Es verdad que, en ocasiones, escuchamos a gente que dice cosas sobre las que no
ha reflexionado lo suficiente o, sencillamente, habla desde la ignorancia.
Pero, de todas maneras, sí esas personas, por su juventud o falta de
experiencia, opinan sobre algo que desconocen o lo hacen de forma poco
meditada, no me parece que haya que ser excesivamente severos a la hora de valorar
sus opiniones. A fin de cuentas, todos hemos pronunciado palabras que, pasado
el tiempo, si alguien nos las recordase, tendríamos que matizar o de las que,
incluso, nos arrepentimos sinceramente y querríamos retractarnos.

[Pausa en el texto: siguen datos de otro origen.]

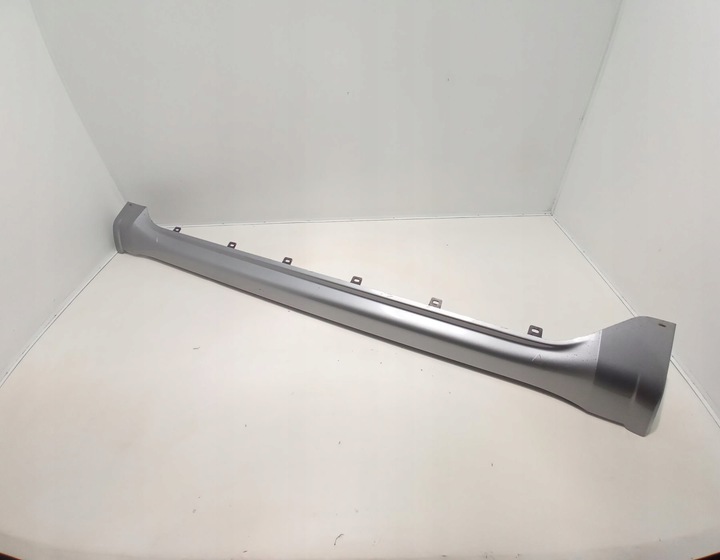 фото №1, Накладка порога права jeep grand cherokee iv wk2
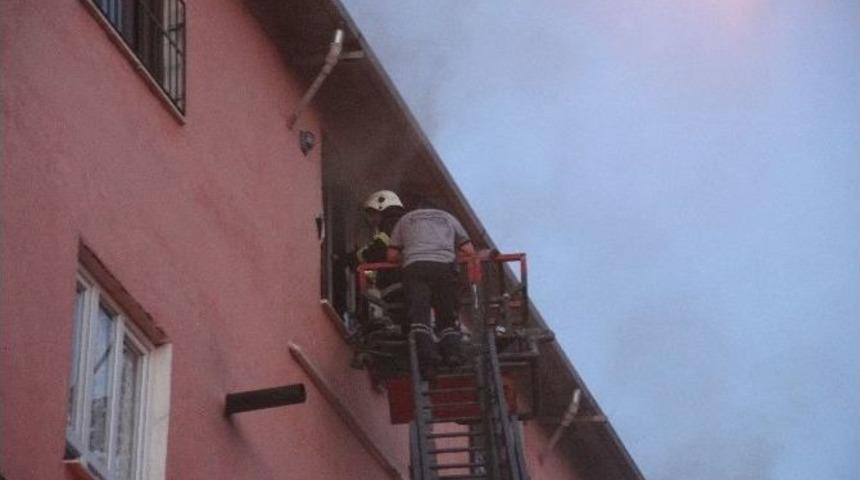 Hatay&rsquo;da Ev Yangını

Otra cosa, sin embargo, son los comentarios a la ligera de gente con sobrada
experiencia, que no denotan ingenuidad o falta de madurez, sino que son fruto
de una ignorancia atrevida, a veces inexcusable según el estatus de quien las
pronuncia o, como he dicho antes, ponen de manifiesto, conscientemente o no, la
mentalidad obtusa de su autor.
En
todo caso, lo que parece claro es que tomar la palabra entraña un riesgo,
aunque solo sea el de equivocarse al hacer un juicio de valor, aventurar un
pronóstico o dar nuestra opinión y, en ocasiones, nos coloca en una situación
vulnerable, porque nos hace visibles y puede poner sobre nosotros el foco de
atención.
Y,
en este sentido, creo que sólo somos esclavos de nuestras palabras cuando, aún
con la perspectiva del tiempo o ante la evidencia de lo errado de nuestro
parecer o la falta de delicadeza u oportunidad de lo dicho o de la forma en que
se dijo, no somos capaces de rectificar y reconocer que nos equivocamos, que ya
no pensamos eso, o que, aun pensándolo, podríamos haberlo expresado de otra
manera.
Por
el contrario, ser dueño del silencio es atesorar un patrimonio baldío que no
nos enriquece sino que vuelve estéril cualquier intento de mantener la
compostura a base de no decir nada, de dar por sobreentendido lo que nadie más
que nosotros, en nuestro fuero interno, puede ver o entender de una determinada
manera. Es más, romper el silencio a destiempo deja inerme a nuestro
interlocutor porque puede sorprenderlo al hacerle bruscamente consciente de
algo que podría no haber sospechado siquiera.